E.G. (elainegrey) wrote,
E.G.
elainegrey

(covid-19, garden, critter watch)

I have failed to avoid lashon hara this morning upon the news the president and first lady contracted COVID-19.

Thursday i spent time in the presence of the second and third not-family persons since mid March: a nurse (who, i can't tell if she really believes Covid is just like a bad flu or thought that was politically expedient to say) and a occupational therapist. The therapist was very careful, and of course he's not one who will be returning (he was out of his coverage area for whatever reason for his organization).

My folk's broadband died as did network access on my phone as both are served by the same company. I note the wisdom of ensuring the cell phone network is a true alternative to broadband if we ever get off DSL (and i am still working).

A little pass of anxiety Friday morning of what will i do if i loose my job in a few years. I trust my employer will weather the pandemic, but i do expect the financial impact to hit once governments and academic organizations have to redo budgets and struggle with decisions of renewing contracts. I hope by then i can have a decent yield from the garden.

I discovered a chestnut tree within a mile of our home. I'd thought it was a chestnut leaved oak. I'd never been introduced to a Quercus castaneifolia but i knew chestnut leaves from my two tress. Walking Carrie down Saralyn Rd there were the spiny cases, crushed in the grave. Critters had likely claimed any nuts. One fruiting tree implies another pollen donor somewhere near.

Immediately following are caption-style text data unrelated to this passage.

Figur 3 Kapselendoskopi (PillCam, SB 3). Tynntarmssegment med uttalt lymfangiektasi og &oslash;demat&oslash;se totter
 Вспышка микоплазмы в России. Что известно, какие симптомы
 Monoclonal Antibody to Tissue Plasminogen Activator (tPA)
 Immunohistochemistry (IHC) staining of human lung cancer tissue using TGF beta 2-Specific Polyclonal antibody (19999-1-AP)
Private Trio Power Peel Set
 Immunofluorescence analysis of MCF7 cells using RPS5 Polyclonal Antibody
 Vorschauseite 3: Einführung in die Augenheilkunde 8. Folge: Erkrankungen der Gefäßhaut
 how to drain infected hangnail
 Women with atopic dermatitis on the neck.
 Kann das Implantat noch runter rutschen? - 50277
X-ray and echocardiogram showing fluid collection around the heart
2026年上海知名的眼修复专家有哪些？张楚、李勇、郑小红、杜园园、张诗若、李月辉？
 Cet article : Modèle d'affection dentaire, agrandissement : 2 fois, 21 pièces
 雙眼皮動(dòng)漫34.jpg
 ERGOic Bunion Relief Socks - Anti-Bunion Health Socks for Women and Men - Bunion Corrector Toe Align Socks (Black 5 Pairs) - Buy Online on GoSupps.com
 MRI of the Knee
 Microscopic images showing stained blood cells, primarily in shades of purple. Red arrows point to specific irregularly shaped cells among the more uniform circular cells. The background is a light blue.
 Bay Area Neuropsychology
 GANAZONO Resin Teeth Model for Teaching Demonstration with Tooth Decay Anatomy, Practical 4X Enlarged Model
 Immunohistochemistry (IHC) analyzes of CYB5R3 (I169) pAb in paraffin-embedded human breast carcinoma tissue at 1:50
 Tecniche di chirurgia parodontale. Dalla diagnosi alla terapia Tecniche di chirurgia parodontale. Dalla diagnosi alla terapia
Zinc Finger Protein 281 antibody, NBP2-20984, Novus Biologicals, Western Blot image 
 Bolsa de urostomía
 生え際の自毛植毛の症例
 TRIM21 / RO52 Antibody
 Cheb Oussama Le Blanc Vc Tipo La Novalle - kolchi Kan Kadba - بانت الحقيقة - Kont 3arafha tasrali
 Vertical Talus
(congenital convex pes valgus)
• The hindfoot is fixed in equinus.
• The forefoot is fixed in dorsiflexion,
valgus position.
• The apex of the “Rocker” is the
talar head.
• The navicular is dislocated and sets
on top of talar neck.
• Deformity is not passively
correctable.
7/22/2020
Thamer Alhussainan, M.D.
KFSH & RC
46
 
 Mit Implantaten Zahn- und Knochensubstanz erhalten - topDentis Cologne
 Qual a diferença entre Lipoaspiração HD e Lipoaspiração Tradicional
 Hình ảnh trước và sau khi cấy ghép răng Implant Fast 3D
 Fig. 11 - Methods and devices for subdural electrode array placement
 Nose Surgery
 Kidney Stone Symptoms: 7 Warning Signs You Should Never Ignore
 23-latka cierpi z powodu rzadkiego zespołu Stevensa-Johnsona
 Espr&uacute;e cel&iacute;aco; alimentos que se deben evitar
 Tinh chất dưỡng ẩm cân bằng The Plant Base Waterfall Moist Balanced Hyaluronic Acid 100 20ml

My hopefulness for my two trees increases, as does the thought of getting some others started in the woods.

On the same walk, acorns and hickory nuts as well as black walnuts. I suppose if i didn't have som much to do, i could try to get at the black walnut meats. Christine is allergic to walnuts, but i can imagine some sort of fig-black walnut concoction satisfying my sweet tooth through some future winter. Right now though, the black walnuts are for the squirrels. I have some young oaks and kicory on my property, but my woods are younger with the early populations of the fast growing pines, sweetgum, and tulip poplars. I've found a good sized maple and plane tree, and a 1

I took Friday off and got some Quaker work done. I dug up lemon grass and a holy basil to transplant. Due to feeling lethargic, i didn't get the holy basil planted until Saturday. I hope it takes.

Friday afternoon we ran some errands. i felt very lethargic in the afternoon, set up the fire pit, and sat outside reading with it running*. Unfortunately, by the time Christine came out i had managed to put in a large log but not kept up with keeping it hot.

Saturday i eventually got outside and puttered, moving plants around. I moved sedges and gladiolas away from the blue-eyed grass colony at the end of the south berm, and planted the tiny "baby" plants that arise on the flower stems. I fought the weeds around the plants right off the deck. I think i will lay paper down and cover that with rotten wood, hopefully creating some barrier against the cursed Indian strawberry. I found clumps of cut leaf cone flower and moved those to the south side of the south berm. Clumps of my favorite grass were transplanted along the bases of the drystacked rocks retaining the berm and to other paths.

anyhow, i should post this before another day goes by.

Oh, box turtle going around the outside of the orchard! Carrie is now carefully double-checking each fallen leaf, certain it to is a turtle. Christine too. I would love to see many more turtles, but just the one was a delight.

* a battery powered fire pit -- the battery drives a fan to keep oxygen on the coals. Yes, crazy purchase. It sure looked cool in the online videos. I think it would work great with grocery store firewood.